Records contained in a dataset:
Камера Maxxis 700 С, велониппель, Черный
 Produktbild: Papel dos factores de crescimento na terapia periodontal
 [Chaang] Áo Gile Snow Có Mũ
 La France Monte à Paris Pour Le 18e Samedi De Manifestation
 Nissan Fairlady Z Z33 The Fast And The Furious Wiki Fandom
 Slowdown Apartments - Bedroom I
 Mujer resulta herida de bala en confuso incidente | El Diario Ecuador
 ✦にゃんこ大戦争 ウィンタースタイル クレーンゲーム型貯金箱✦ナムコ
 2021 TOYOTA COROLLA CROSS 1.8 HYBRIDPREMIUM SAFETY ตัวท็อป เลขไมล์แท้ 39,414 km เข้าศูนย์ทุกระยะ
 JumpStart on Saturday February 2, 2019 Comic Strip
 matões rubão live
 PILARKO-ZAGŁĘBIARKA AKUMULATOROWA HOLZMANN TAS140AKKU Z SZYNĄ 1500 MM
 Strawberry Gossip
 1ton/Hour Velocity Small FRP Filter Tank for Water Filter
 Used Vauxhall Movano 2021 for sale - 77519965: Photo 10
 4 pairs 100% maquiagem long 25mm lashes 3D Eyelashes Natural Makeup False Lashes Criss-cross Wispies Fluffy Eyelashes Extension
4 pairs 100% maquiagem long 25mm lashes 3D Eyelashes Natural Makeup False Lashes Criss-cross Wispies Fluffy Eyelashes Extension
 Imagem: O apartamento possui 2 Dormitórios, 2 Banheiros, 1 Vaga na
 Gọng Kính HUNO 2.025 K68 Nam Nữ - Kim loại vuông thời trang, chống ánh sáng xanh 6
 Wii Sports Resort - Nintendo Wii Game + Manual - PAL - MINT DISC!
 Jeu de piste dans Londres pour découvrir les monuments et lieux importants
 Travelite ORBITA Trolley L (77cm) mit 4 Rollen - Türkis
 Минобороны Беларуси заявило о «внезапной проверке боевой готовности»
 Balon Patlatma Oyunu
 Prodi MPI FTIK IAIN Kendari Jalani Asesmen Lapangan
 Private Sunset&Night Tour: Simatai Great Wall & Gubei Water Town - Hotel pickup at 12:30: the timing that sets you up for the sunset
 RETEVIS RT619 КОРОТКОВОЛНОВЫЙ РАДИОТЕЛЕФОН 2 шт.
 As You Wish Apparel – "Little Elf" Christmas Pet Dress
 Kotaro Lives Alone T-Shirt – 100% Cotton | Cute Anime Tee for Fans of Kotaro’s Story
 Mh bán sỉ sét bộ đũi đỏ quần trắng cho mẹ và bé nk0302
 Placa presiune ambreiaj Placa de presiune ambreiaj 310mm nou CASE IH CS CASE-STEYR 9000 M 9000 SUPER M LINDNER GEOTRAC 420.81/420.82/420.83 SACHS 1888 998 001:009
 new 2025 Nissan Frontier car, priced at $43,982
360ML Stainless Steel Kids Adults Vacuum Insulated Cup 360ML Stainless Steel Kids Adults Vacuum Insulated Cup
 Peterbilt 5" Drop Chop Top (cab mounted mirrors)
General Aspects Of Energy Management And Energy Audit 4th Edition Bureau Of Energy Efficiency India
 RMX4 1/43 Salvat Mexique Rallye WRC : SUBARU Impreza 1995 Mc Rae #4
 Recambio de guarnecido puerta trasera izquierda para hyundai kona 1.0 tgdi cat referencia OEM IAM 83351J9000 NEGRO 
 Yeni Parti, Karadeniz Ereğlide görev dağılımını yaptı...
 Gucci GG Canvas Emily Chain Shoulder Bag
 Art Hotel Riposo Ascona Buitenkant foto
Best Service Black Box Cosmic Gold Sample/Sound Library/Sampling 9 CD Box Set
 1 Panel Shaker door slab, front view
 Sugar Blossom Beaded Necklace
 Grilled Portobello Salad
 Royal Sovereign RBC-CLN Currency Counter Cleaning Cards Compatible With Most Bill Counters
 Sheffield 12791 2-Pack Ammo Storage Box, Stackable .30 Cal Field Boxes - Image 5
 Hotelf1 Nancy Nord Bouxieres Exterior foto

§ **WHAT YOU WILL DO**: The answer should consist of all the lines above, retyped exactly.

§ **SOLUTION TO THE PROBLEM**:
Камера Maxxis 700 С, велониппель, Черный
 Produktbild: Papel dos factores de crescimento na terapia periodontal
 [Chaang] Áo Gile Snow Có Mũ
 La France Monte à Paris Pour Le 18e Samedi De Manifestation
 Nissan Fairlady Z Z33 The Fast And The Furious Wiki Fandom
 Slowdown Apartments - Bedroom I
 Mujer resulta herida de bala en confuso incidente | El Diario Ecuador
 ✦にゃんこ大戦争 ウィンタースタイル クレーンゲーム型貯金箱✦ナムコ
 2021 TOYOTA COROLLA CROSS 1.8 HYBRIDPREMIUM SAFETY ตัวท็อป เลขไมล์แท้ 39,414 km เข้าศูนย์ทุกระยะ
 JumpStart on Saturday February 2, 2019 Comic Strip
 matões rubão live
 PILARKO-ZAGŁĘBIARKA AKUMULATOROWA HOLZMANN TAS140AKKU Z SZYNĄ 1500 MM
 Strawberry Gossip
 1ton/Hour Velocity Small FRP Filter Tank for Water Filter
 Used Vauxhall Movano 2021 for sale - 77519965: Photo 10
 4 pairs 100% maquiagem long 25mm lashes 3D Eyelashes Natural Makeup False Lashes Criss-cross Wispies Fluffy Eyelashes Extension
4 pairs 100% maquiagem long 25mm lashes 3D Eyelashes Natural Makeup False Lashes Criss-cross Wispies Fluffy Eyelashes Extension
 Imagem: O apartamento possui 2 Dormitórios, 2 Banheiros, 1 Vaga na
 Gọng Kính HUNO 2.025 K68 Nam Nữ - Kim loại vuông thời trang, chống ánh sáng xanh 6
 Wii Sports Resort - Nintendo Wii Game + Manual - PAL - MINT DISC!
 Jeu de piste dans Londres pour découvrir les monuments et lieux importants
 Travelite ORBITA Trolley L (77cm) mit 4 Rollen - Türkis
 Минобороны Беларуси заявило о «внезапной проверке боевой готовности»
 Balon Patlatma Oyunu
 Prodi MPI FTIK IAIN Kendari Jalani Asesmen Lapangan
 Private Sunset&Night Tour: Simatai Great Wall & Gubei Water Town - Hotel pickup at 12:30: the timing that sets you up for the sunset
 RETEVIS RT619 КОРОТКОВОЛНОВЫЙ РАДИОТЕЛЕФОН 2 шт.
 As You Wish Apparel – "Little Elf" Christmas Pet Dress
 Kotaro Lives Alone T-Shirt – 100% Cotton | Cute Anime Tee for Fans of Kotaro’s Story
 Mh bán sỉ sét bộ đũi đỏ quần trắng cho mẹ và bé nk0302
 Placa presiune ambreiaj Placa de presiune ambreiaj 310mm nou CASE IH CS CASE-STEYR 9000 M 9000 SUPER M LINDNER GEOTRAC 420.81/420.82/420.83 SACHS 1888 998 001:009
 new 2025 Nissan Frontier car, priced at $43,982
360ML Stainless Steel Kids Adults Vacuum Insulated Cup 360ML Stainless Steel Kids Adults Vacuum Insulated Cup
 Peterbilt 5" Drop Chop Top (cab mounted mirrors)
General Aspects Of Energy Management And Energy Audit 4th Edition Bureau Of Energy Efficiency India
 RMX4 1/43 Salvat Mexique Rallye WRC : SUBARU Impreza 1995 Mc Rae #4
 Recambio de guarnecido puerta trasera izquierda para hyundai kona 1.0 tgdi cat referencia OEM IAM 83351J9000 NEGRO 
 Yeni Parti, Karadeniz Ereğlide görev dağılımını yaptı...
 Gucci GG Canvas Emily Chain Shoulder Bag
 Art Hotel Riposo Ascona Buitenkant foto
Best Service Black Box Cosmic Gold Sample/Sound Library/Sampling 9 CD Box Set
 1 Panel Shaker door slab, front view
 Sugar Blossom Beaded Necklace
 Grilled Portobello Salad
 Royal Sovereign RBC-CLN Currency Counter Cleaning Cards Compatible With Most Bill Counters
 Sheffield 12791 2-Pack Ammo Storage Box, Stackable .30 Cal Field Boxes - Image 5
 Hotelf1 Nancy Nord Bouxieres Exterior foto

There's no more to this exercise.